Credo che sia proprio questo elemento di competizione, sana, fraterna, ciò che debba sforzarsi di creare.
«Emma Bonino e i radicali infatti non sconteranno nulla a questo governo sui temi della politica estera, delle riforme del lavoro e del welfare. E' il difetto, e la virtù, di chi appunto possiede una visione e mira a incarnarla».
Stefano Folli, su Il Sole 24 Ore, ha dato un giudizio di sicuro più equilibrato e meno liquidatorio del mio, ma che condivido. Sempre dal Sole, non sembra fare sconti al nuovo Governo Guido Gentili, che ha puntato il dito sulla presenza, nella nuova compagine governativa, dei «nuovi "signori del no"».
«Non mancano i presidi di un riformismo vero. Ma colpisce il fatto che per evidenti (e per nulla sorprendenti) problemi di dosaggio politico interni alla frastagliata maggioranza si sia deciso di "spacchettare" alcuni dicasteri figli della legge Bassanini, creando nuovi ministeri per i quali sono stati nominati nuovi ministri». Anche Gentili si chiede: «E non poteva trovare collocazione migliore Emma Bonino?»
Mentre quali dovranno essere le materie su cui giudicare l'operato del Governo Prodi l'ha spiegato su La Stampa Luca Ricolfi.
P.S. Intanto, il mio intervento di ieri su Il Foglio ha incassato il plauso di Luigi Castaldi, che in particolare ha apprezzato la radicalità della mia analisi sul «profilo tattico» tenuto dalla Rosa nel Pugno dopo le elezioni. E osserva:
«Ogni metodo tattico appare (quand'anche non sia) opportunistico, se non è chiara la piattaforma strategica; l'ambiguità, insomma, e quanto di pernicioso deriva da essa in termini di immagine che si offre all'esterno e agli alleati in una compagine di governo, impone che la tattica non sia scollata dal progetto, non sia (né appaia) ondivaga...»Il post di Malvino è lungo e va letto tutto. Se anche «l'opzione tattica» (il voto autonomo sulle iniziative legislative del governo Prodi che avessero contraddetto l'elaborazione programmatica della Rosa nel Pugno e l'appoggio esterno su quelle che le avessero accolte) fosse stata presa in considerazione, «dev'essersi deciso per il no. Il bluff (questo il termine col quale si sbriga solitamente un'opzione debole) era – appunto – debole. Il problema, soprattutto dopo la lettura dell'articolo di Federico Punzi, resta: era debole, quel bluff, se era un bluff?»
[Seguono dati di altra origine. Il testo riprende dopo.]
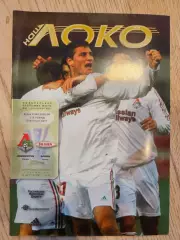 29.09.2005 - Локомотив Москва - Бранн Берген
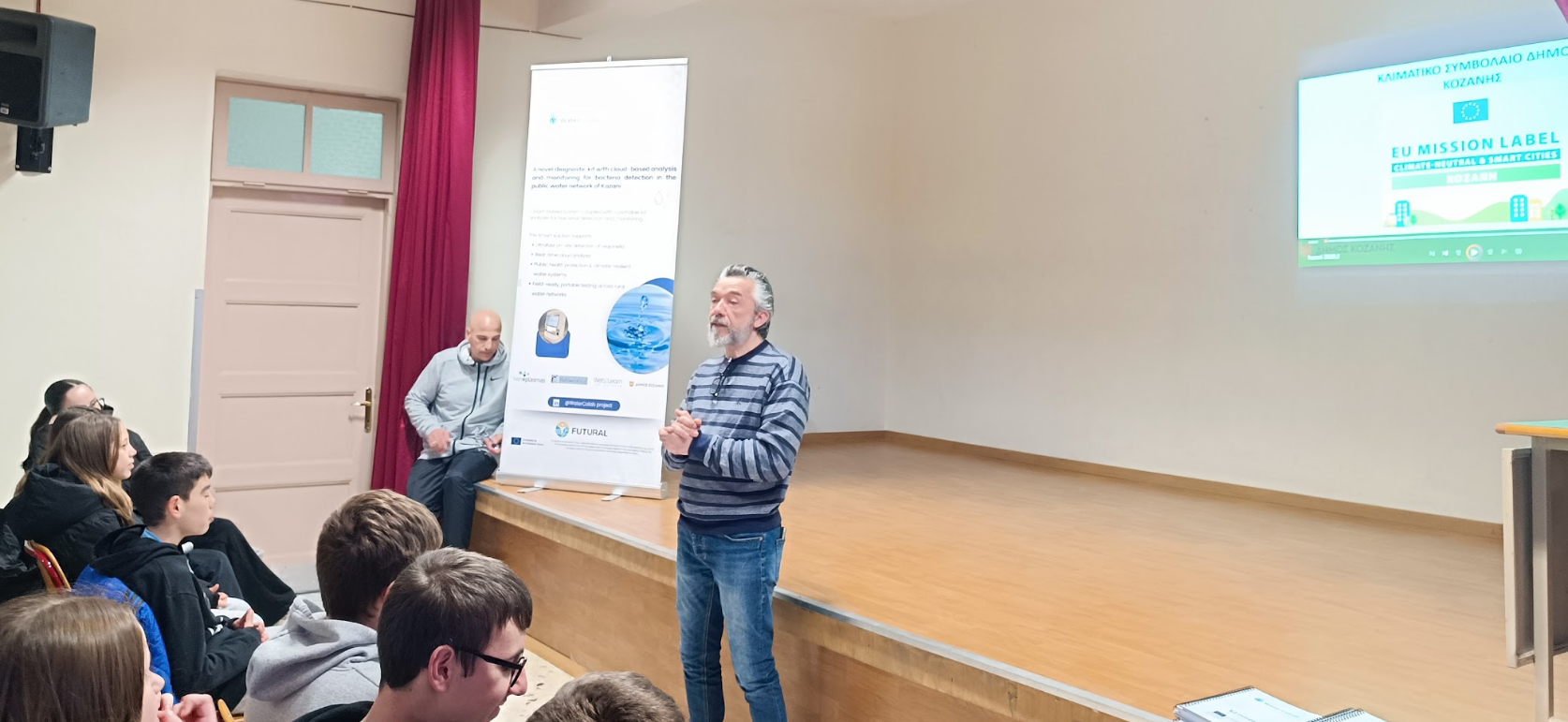 Δ.Κοζάνης: Σχολεία ενώνουν δυνάμεις με πολίτες για την ποιότητα του νερού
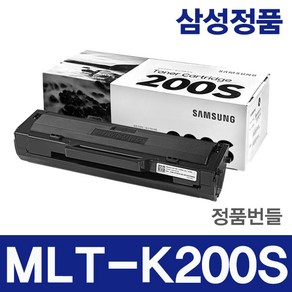 삼성전자 정품토너 MLT-K200S SL-M2030 M2030W M2035W SL-M2080 M2085FW 번들 레이저프린터 복합기 검정 굿세븐토너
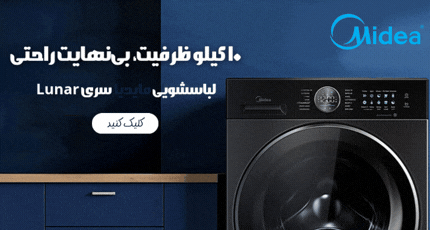 ماشین لباسشویی مایدیا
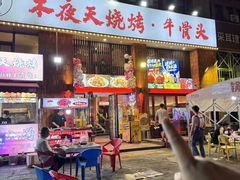 -不夜天烧烤牛骨头(南湖店)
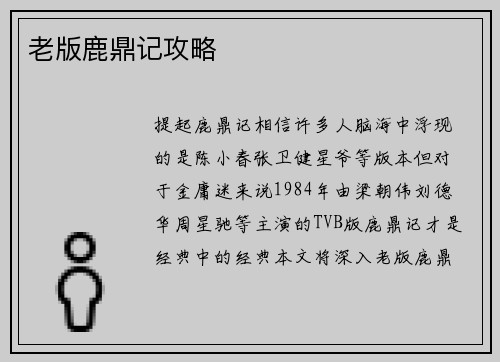老版鹿鼎记攻略
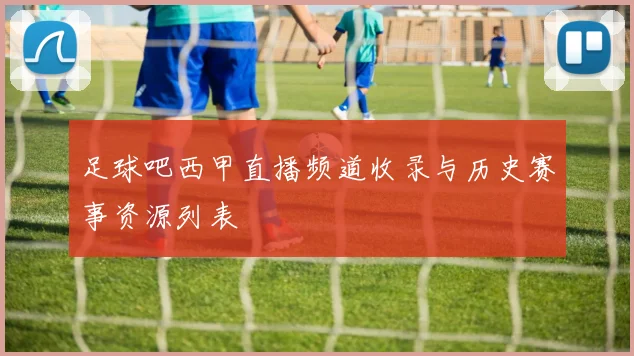 足球吧西甲直播频道收录与历史赛事资源列表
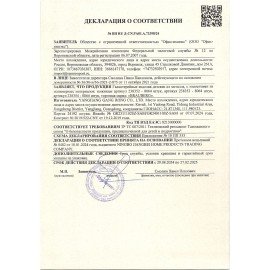 Ножницы 137 мм, резиновые рукоятки, пастельный мятный, чехол на лезвии, BRAUBERG KIDS, 238354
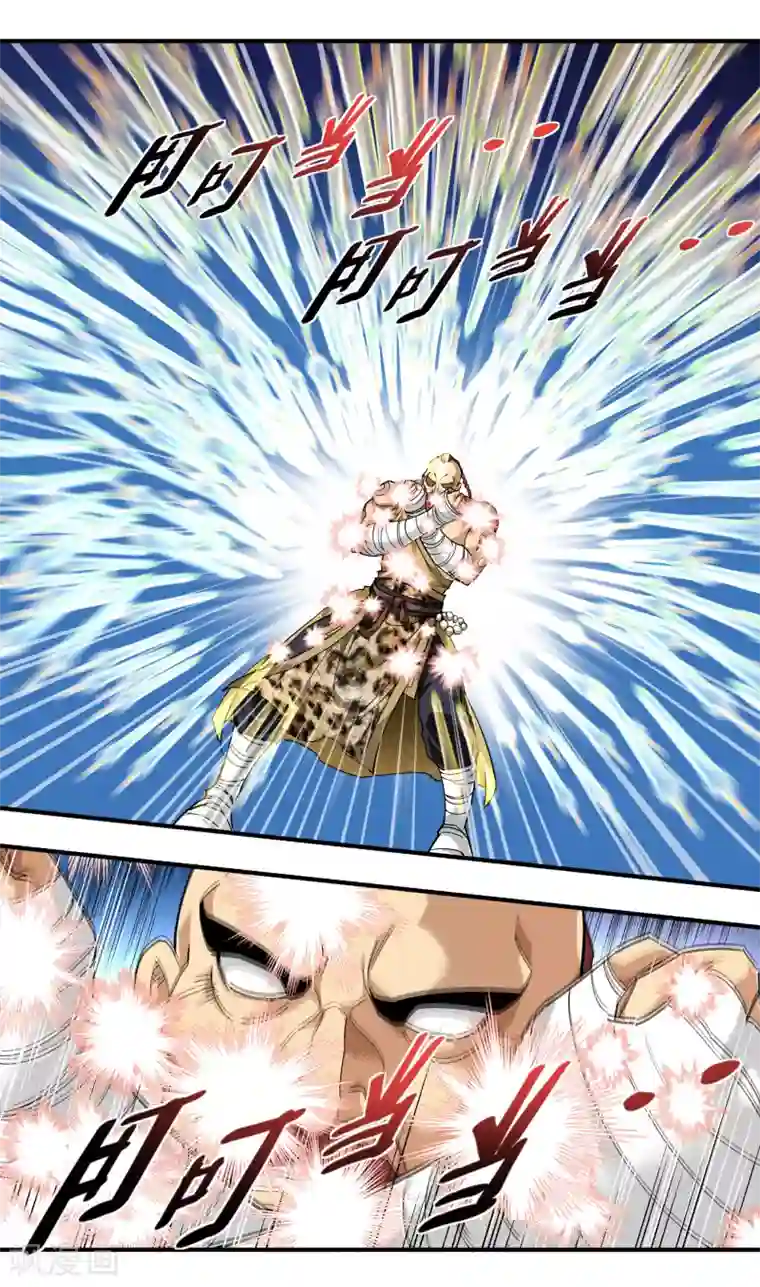 重生之我是大天神第71话 激战！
Comunque, non ho mai temuto - nell'esprimere le mie osservazioni - eventuali «strumentalizzazioni interessate» di avversari e nemici della Rosa nel Pugno. Le considero un danno minore rispetto a quello provocato da una specie d'"autocensura" nel dibattito aperto dell'agorà telematica. Rinunciare, per timore di venire strumentalizzati, mi sa un po' di complesso d'inferiorità. Ho fiducia che i miei argomenti, le mie idee, si sappiano distinguere agli occhi di uno spirito critico e di una mente libera da pregiudizi, perché di solito le strumentalizzazioni sono anche rozze. E, per i dubbi, sono sempre a disposizione.